Another thing that doesn't hurt is to attend to that person's high points or low points in their life. As an example, I went to a high school friend's concert over the weekend. He is a fledgling Christan rock artist, who just put out a cd. Even though it is not my forte of music, the guy was just elated to see me at his performance. He invited me out to a after concert open house at his parents. Got to meet some other people that I wouldn't of otherwise and had a great time reconnecting and chatting up about the past. Also, I try to offer friendship if someone needs assistance or a friendship due to a setback in their life. I have made a couple of friendships this way, but also have to watch overdoing it.
Lastly, you have to understand that the development of friendships take a long time (and sometimes there a barriers to get around ie: a spouse, certain differences).
I hope this advice helps you.
cazort
10-23-2009, 05:08 PM
Are there people who you want to be close friends with, and you just don't know how to form those friendships? Or is the problem that you don't meet people you want to be close friends with or feel that comfortable with?
If you want to be closer to people the best way is to just put more effort into your friendship.

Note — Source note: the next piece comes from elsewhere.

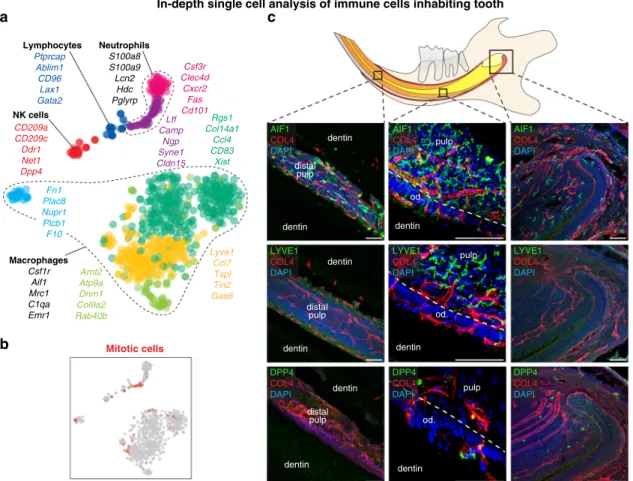 Fig. 10 Heterogeneity of immune cells in mouse incisor. a t-SNE dimensional reduction shows ten identi ﬁ ed populations of immune cells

Call them a little more often. Let them know that you value their friendship. Stay in touch when they go away. Invite them to do things. Go on trips together. Have them visit you with your family. And then...when you're with that person, really get to know them. Be comfortable with them. Be really present with them when you're interacting with them.
The main thing that forms a close friendship is time...and not just length of time you've known each other, but amount of time spent together and the quality of that time!
AznHisoka
10-27-2009, 10:45 AM
Ditto. I'll add some extra tips:
1. Be vulnerable. It takes 2 to start a close friendship. Open up things about your life you normally wouldn't.
2. Invite them to things. Having lunch with some casual friends? Invite another one that doesn't know them. Going to church? Invite someone to tag along.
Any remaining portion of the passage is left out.